#75 - The Man From Nowhere
Bob Dylan: Troubadour of De-Industrialization
Lots of grumpy critical responses to No Direction Home, the Martin Scorsese film about Dylan just released on DVD and airing on PBS's American Masters series around the nation (see links below). Most of these critiques arise out of the typical baby boomer nostalgia versus boomer hater generational debates that have been ongoing since the early 1970s.
My experience of the film was quite different. Scorsese's point in sculpting the film from interviews conducted by Dylan's manager Jeff Rosen (so perhaps this is Dylan's point as much as Scorsese's) seems intriguingly twofold. Dylan at once alludes to his roots in a pre-boomer past yet also suggests that he ultimately is a man without a past -- the man from nowhere, with no direction home.
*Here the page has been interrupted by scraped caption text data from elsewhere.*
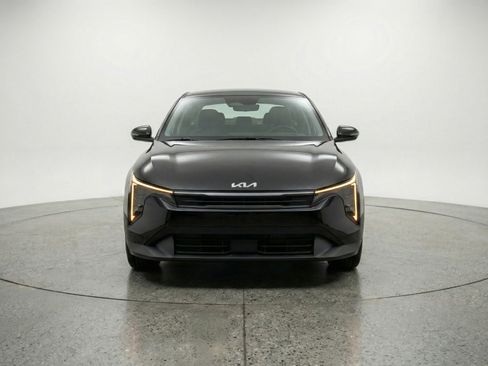 Used 2025 Kia K4 LXS image 2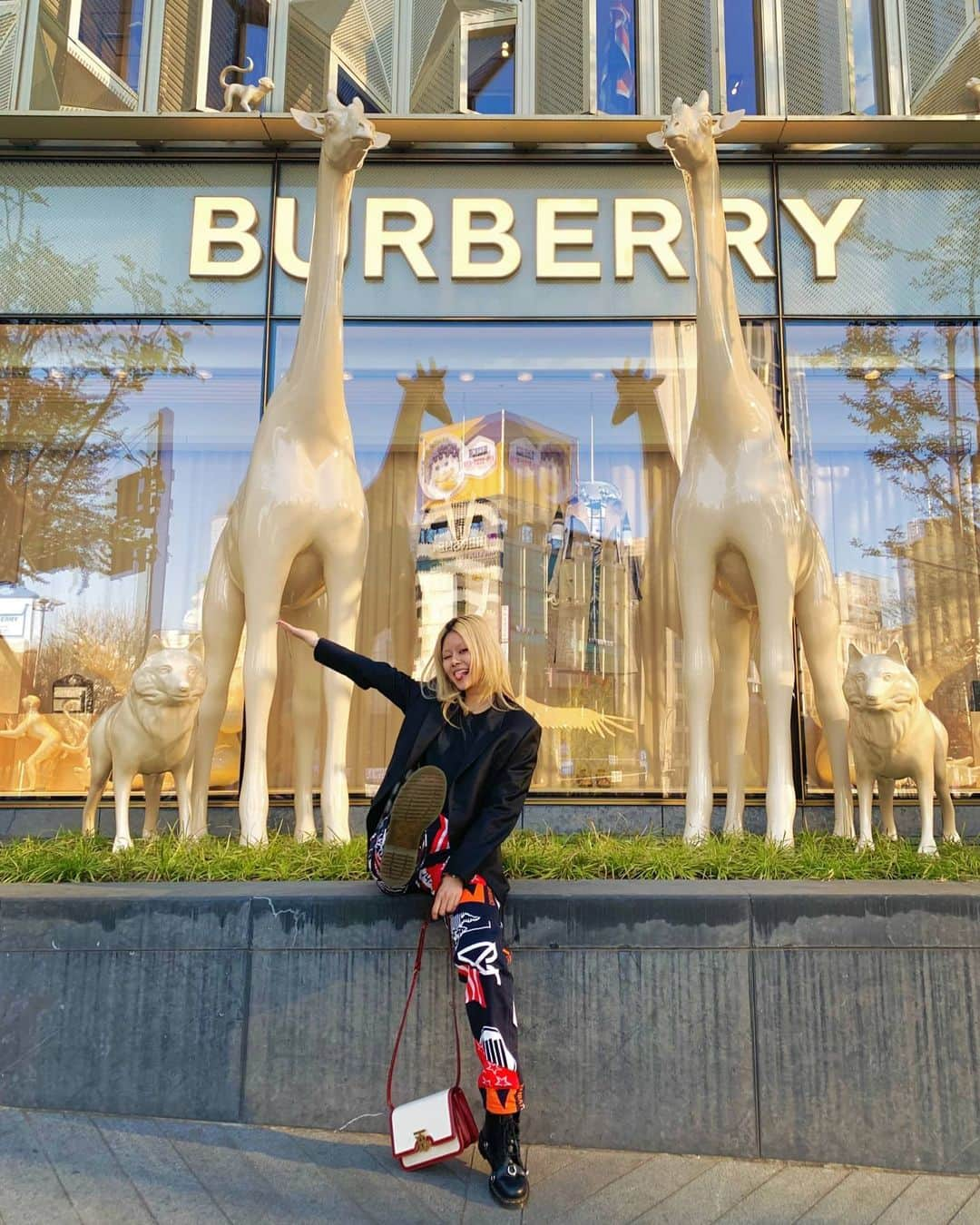 アン・アルムさんのインスタグラム写真 - (アン・アルムInstagram)「burberry between riccardo new kingdom 2020」4月13日 22時45分 - ahnahr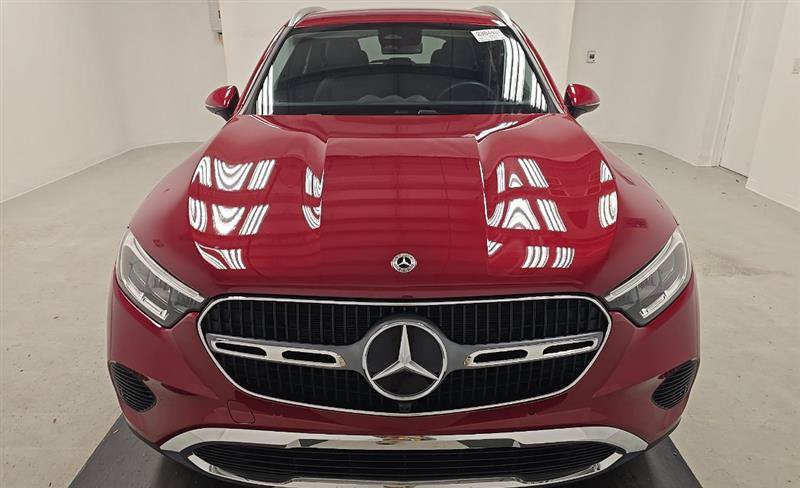 Used 2025 Mercedes-Benz GLC 350e 4MATIC image 2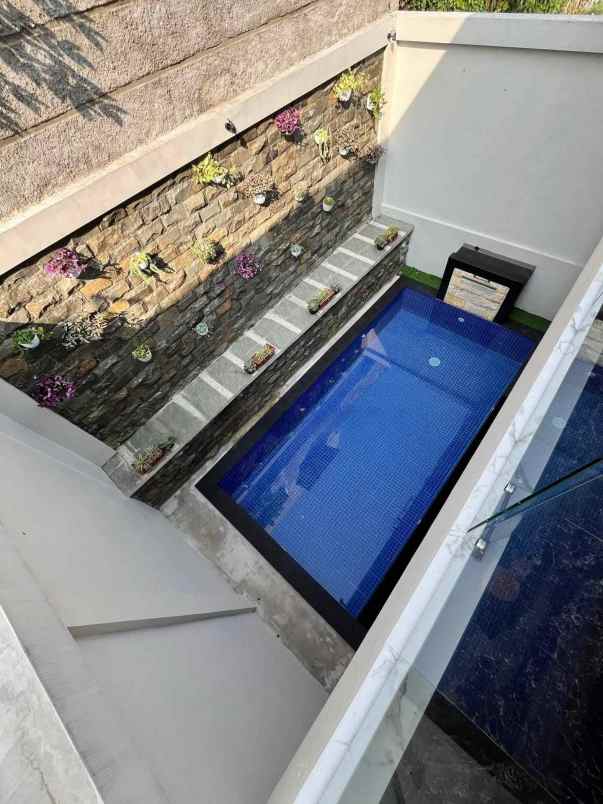 dijual rumah pasadena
Dylan was shaped, the film claims, by his links to an earlier industrial America: a world of Hibbing, Minnesota, miners and small town life, of tentshows, blackface clowns, and circuses, of scratchy 78s and static-laden radio broadcasts of country music on the ether, a world of Woody Guthrie and unions, tentative stability for some and a whole lot of suffering for most working-class people.
Simultaneously, as the title of the film indicates, Dylan is the man from nowhere, a blank slate, a tabula rosa, baaabe! He's got "no direction home." Which is to say, his home becomes a place of continual motion and movement, the journey of a self-appointed "musical expeditionary" who discovers that that his home is no destination (not even Destination Row), but rather the flickering, pulsating, electrified energy of kinesis itself.
This double move is what makes Dylan the troubadour of de-industrialization. It's why there's more going on in the film (and in the first installment of Dylan's memoir, Chronicles) than just baby boomer nostalgia. Dylan expresses the extraordinary dislocation of de-industrialization, a rupture in social order that made the revolutionary moment of the 1960s possible, but only in profoundly anxious, scary ways.
Dylan links himself to an older world: to the roots and residues of the industrial order circa 1860-1930. He's got the coal dust and iron-ore residues of those Hibbing miners on his soul -- the possibilities and dreams, most of all the order and structure of their world.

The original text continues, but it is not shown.